0rion79
Member
- Joined
- 22/12/2016
- Messages
- 441
Hi, I have just finished my latest game with a MELEE MAGE BUILT and I want to share my 2-cents opinion about this.
I played at the easiest level and yet playing with the mage has been so frustrating that in some moments I was so furious that I almost wanted to smash my smartphone.
The worst part has been (and still is) the Ark, followed by the ending part of the square labyrinth with shadow creatures, part of Hirge's personal quest. Never happened with any other class.

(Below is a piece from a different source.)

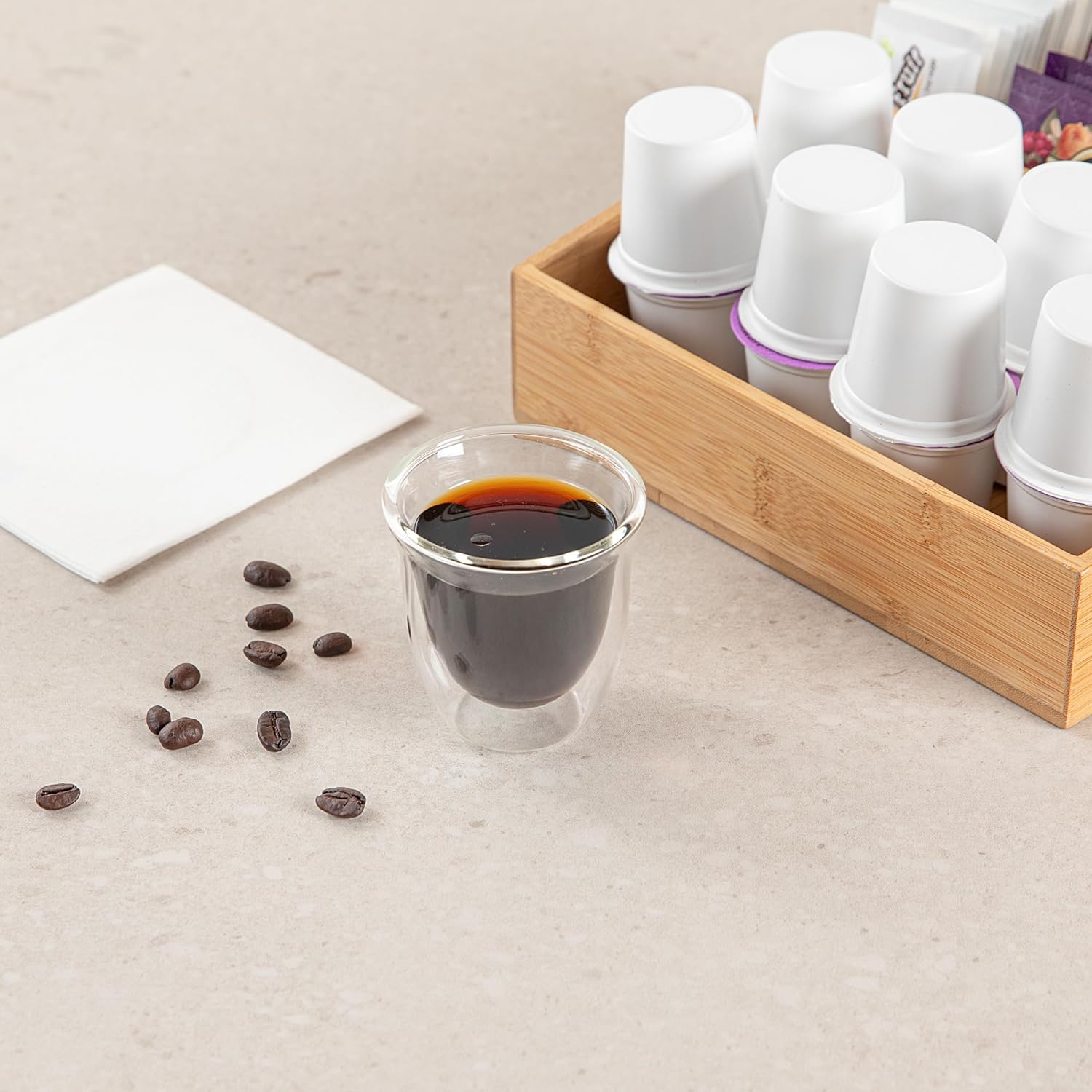 Restaurantware-Forma Professional 2.7 Ounce Double Wall Shot Glasses, 12 Insulated Espresso Cups - Dishwashable, Reusable, Clear Glass Coffee Cups, Freezable, For Hot Or Cold Beverages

So far, these have been the causes that made it that hard:
1) limits of the game engine that make very hard to properly aim to foes and to control the adventurers party
2) the peculiarities of the mage, that is very unsuitable for solo playing. (not impossible, yet it is much harder than other classes)
More into detail, I have found problematic the melee mage's ...:
- need of several abilities to properly attack and defend
- high skill points cost to develop these abilities
- high mana cost of the most recent abilities that, even effective, make the mage highly dependent by potions to constantly refuel
- mage's armor spell counts radiation damage as an attack, fading earlier than expected.
Especially within the Ark, I had a very hard life vs. the frog-like robots that deal an impressive melee damage that not even the stone golem may endure long enough (plus it is so dumb that it always get involved into fire explosions), while the "steel wizards" that shot beams are relatively easy to handle due to the high electricity resistance that the mage may achieve thanks to unique equipment.
The new special abilities offered at Icemist are really nice to use, especially at high level when the game offers weapons with high elemental damage, but the extra damage doesn't compensate the mage's fragility. Also, elemental weapons are useless vs. certian foes and the "death" weapons are useless vs. undead and shadow creatures, so it's impossible to rely 100% on these attack forms. Some choices, as having a strong creature to summon, are almost "staple" choices to compensate but they quickly drain out of mana.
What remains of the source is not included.